Henry tamborileó los dedos sobre la mesa. Luego, sonrió con suficiencia. —Vale. Cincuenta por cuatro. Incentivos por rendimiento. Exclusividad formal. ¿Tenemos un trato?

Miranda lo estudió por un momento y luego extendió la mano.

—Tenemos un trato, por ahora. Volveré a leer los detalles para asegurarme de que no le estamos vendiendo el alma al diablo. Que en este caso eres tú.

Henry se la estrechó, todavía con aspecto divertido y agotado a la vez. —Miranda, eres un peligro.

Ella sonrió con suficiencia. —Es que soy mejor que tú en esto.

Henry se giró hacia Izan y le estrechó la mano. —Parece que haremos negocios a largo plazo.

Izan sonrió de lado. —Eso parece.

El trío conversó un poco más antes de que Henry se marchara para atender otros compromisos personales.

Al salir del restaurante, Izan le dio un codazo a Miranda. —Ha sido una locura.

Miranda sonrió con suficiencia. —Así es como te aseguras de que te paguen lo que vales.

Ambos estallaron en carcajadas mientras caminaban hacia la Villa.

……

El sol flotaba perezosamente en el cielo cuando Izan salió a la azotea, donde Selene ya lo esperaba.

Estaba apoyada en la barandilla, con las gafas de sol sobre la nariz y el móvil en la mano.

Un equipo de fotógrafos y estilistas bullía de actividad a su alrededor, preparando la sesión, pero Selene apenas les prestó atención.

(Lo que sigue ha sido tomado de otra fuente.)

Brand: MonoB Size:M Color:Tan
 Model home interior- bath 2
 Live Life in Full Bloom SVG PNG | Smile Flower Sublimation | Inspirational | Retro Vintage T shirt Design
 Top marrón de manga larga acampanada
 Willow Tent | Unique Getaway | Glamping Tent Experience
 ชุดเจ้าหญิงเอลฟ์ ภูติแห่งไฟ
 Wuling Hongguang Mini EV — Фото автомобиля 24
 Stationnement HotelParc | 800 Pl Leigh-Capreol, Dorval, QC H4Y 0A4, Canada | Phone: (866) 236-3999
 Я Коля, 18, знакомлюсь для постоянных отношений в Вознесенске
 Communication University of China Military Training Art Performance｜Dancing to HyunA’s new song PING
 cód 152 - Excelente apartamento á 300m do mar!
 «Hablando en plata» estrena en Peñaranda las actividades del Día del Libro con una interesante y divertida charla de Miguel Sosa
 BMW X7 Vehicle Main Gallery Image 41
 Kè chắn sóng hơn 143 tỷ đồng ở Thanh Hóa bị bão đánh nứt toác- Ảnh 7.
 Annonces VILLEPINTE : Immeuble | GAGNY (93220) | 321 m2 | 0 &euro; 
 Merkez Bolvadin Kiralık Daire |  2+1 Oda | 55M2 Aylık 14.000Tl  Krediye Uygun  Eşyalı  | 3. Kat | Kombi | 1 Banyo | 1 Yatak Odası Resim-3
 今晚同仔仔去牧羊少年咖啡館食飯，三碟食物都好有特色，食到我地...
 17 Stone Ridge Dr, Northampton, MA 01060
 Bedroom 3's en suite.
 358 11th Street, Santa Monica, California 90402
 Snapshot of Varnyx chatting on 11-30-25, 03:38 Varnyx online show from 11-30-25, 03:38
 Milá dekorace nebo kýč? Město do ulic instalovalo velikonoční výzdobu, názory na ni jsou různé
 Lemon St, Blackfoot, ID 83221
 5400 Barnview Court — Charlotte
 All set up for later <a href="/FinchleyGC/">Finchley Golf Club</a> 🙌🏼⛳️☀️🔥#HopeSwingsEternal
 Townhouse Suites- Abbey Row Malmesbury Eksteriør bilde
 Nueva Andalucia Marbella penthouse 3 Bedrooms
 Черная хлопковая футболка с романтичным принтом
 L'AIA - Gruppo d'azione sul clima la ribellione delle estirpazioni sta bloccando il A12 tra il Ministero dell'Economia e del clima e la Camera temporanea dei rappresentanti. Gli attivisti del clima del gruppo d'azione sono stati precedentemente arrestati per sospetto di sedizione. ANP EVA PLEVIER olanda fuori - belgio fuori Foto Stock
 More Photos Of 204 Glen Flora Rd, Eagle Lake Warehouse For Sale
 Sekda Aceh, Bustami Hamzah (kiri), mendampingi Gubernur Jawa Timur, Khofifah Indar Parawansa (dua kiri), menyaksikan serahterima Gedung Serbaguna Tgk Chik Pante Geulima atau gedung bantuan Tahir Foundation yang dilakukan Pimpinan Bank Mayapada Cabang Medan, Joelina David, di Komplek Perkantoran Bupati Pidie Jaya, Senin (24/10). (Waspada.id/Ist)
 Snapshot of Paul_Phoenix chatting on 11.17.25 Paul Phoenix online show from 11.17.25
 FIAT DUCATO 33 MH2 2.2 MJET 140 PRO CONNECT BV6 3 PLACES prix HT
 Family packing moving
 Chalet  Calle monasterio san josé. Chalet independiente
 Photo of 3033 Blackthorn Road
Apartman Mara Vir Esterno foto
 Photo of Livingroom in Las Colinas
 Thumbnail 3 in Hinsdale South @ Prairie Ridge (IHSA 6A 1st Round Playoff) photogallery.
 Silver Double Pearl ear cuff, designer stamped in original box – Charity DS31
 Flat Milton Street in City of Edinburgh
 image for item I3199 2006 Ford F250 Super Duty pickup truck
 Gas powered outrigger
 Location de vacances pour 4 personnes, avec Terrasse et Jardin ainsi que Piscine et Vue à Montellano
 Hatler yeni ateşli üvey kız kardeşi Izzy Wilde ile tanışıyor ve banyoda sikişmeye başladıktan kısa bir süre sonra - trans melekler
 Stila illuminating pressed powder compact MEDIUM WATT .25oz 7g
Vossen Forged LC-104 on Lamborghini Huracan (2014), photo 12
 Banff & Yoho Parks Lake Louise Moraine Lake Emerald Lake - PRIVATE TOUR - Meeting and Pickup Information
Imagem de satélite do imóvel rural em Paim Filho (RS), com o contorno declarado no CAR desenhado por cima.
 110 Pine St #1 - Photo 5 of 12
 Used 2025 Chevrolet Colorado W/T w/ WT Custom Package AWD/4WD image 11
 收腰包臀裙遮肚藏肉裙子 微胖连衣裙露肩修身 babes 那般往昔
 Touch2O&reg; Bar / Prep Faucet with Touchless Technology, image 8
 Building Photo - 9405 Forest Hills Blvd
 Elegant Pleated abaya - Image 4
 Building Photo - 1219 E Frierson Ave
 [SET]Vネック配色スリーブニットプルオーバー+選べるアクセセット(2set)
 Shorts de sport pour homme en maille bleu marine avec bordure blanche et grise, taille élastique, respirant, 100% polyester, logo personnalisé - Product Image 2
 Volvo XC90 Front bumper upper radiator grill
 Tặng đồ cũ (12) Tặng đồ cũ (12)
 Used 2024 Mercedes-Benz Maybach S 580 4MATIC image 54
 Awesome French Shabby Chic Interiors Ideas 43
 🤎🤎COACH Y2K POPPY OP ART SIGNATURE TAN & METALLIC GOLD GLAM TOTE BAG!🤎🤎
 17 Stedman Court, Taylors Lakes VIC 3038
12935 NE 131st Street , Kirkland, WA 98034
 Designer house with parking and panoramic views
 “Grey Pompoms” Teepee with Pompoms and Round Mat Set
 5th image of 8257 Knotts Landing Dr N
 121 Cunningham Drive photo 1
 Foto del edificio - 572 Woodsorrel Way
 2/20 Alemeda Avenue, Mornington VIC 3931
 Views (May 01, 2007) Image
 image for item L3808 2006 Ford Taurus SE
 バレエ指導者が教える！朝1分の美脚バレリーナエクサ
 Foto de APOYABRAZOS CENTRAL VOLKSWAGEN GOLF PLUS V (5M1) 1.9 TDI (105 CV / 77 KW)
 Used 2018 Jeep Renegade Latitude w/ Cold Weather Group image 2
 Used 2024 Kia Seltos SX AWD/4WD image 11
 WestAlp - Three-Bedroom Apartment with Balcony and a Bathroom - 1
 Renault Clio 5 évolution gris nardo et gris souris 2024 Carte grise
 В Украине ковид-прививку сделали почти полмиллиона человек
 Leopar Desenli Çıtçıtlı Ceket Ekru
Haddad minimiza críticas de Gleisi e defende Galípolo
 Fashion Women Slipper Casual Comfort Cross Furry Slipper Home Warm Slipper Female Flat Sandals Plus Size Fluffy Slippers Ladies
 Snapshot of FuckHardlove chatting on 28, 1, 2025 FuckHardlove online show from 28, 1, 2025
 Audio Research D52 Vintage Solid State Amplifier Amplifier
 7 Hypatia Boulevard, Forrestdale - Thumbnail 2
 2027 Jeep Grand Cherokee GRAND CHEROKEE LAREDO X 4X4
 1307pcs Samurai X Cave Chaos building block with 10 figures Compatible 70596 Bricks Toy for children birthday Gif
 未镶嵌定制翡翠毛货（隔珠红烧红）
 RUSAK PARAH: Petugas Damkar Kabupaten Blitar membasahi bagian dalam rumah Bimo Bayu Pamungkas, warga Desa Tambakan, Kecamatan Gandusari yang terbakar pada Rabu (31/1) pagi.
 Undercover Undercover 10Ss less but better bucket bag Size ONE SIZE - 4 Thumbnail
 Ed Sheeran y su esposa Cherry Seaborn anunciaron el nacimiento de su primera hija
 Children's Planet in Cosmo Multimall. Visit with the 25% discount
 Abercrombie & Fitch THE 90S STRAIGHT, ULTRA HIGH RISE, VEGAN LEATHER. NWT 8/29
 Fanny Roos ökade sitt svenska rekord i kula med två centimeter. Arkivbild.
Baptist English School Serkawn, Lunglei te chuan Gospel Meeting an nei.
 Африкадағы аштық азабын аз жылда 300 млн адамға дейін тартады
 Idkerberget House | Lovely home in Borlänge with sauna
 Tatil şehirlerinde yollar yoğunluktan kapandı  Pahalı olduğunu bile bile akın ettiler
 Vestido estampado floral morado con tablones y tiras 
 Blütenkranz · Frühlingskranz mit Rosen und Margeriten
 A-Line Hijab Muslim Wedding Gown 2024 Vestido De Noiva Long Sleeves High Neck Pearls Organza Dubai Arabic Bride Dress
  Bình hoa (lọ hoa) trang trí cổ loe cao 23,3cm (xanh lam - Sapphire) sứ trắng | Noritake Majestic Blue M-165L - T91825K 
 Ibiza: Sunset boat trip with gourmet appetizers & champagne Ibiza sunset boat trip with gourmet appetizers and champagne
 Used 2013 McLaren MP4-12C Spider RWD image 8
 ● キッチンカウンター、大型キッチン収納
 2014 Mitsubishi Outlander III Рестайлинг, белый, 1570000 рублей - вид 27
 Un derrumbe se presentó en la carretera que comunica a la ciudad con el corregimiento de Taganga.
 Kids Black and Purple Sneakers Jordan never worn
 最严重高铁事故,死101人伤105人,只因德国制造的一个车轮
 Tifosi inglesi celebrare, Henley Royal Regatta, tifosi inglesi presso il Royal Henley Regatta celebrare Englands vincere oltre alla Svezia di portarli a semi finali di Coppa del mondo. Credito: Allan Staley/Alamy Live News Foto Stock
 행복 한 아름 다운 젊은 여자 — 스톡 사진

—Les hiciste sudar por ese contrato, ¿verdad? —comentó ella, sin dejar de mirar la pantalla.

Izan sonrió con ironía. —Fue Miranda.

Selene por fin levantó la vista y se subió las gafas de sol a la cabeza. —Es lo mismo.

Señaló con la cabeza el plató: minimalista, elegante, muy al estilo de Saint Laurent.

La campaña era para una colección de temática veraniega, pero no del tipo estridente de ropa de playa. Se trataba de un lujo natural y desenfadado.

—Cada vez se te da mejor esto —dijo ella, ajustándole el puño de la camisa de lino blanca que llevaba abierta—. Ya lo hiciste bien la primera vez, pero esto es otro nivel.

Izan se rio entre dientes. —Tuve buena ayuda.

Selene lo miró y luego hizo un gesto a su equipo para que se preparara.

Caminó hasta detrás del plató, cogió su cámara y adoptó su ritmo de trabajo como la fotógrafa legendaria que era.

La sesión fluyó sin problemas. Izan ya había hecho suficientes como para saber encontrar los ángulos correctos y cómo hacer que todo pareciera natural.

Pero aun así era agotador: los constantes cambios de vestuario, los sutiles ajustes de pose, las largas esperas.

Entre toma y toma, se apoyó en una columna para mirar el móvil. Otra oleada de notificaciones.

Había vídeos de él y Lamine jugando al fútbol en la playa por todas partes.

Había aparecido un nuevo vídeo: alguien los había grabado dando toques a un balón mientras caminaban por la calle, pasándoselo de un lado a otro sin problemas.

Los comentarios eran una locura.

«¿¡Cómo pueden hacer eso con tanta naturalidad como si no fuera nada!?»

«A este paso, Ibiza es el campo de entrenamiento de España».

«Izan y Lamine hacen que toda la isla parezca un anuncio de fútbol».

Él sonrió con suficiencia, negando con la cabeza. A Lamine le iba a encantar.

La última tanda de fotos terminó cuando el sol empezaba a ocultarse en el horizonte. Selene le entregó una botella de agua, estudiándolo.

—¿Tienes que plantearte ser modelo cuando te retires? —preguntó ella.

Izan bebió un sorbo y se encogió de hombros. —Para eso todavía faltan unos veinte años.

Selene carraspeó. —Debe de molar ser famoso y tener a todas las chicas en un puño —dijo, pero Izan replicó.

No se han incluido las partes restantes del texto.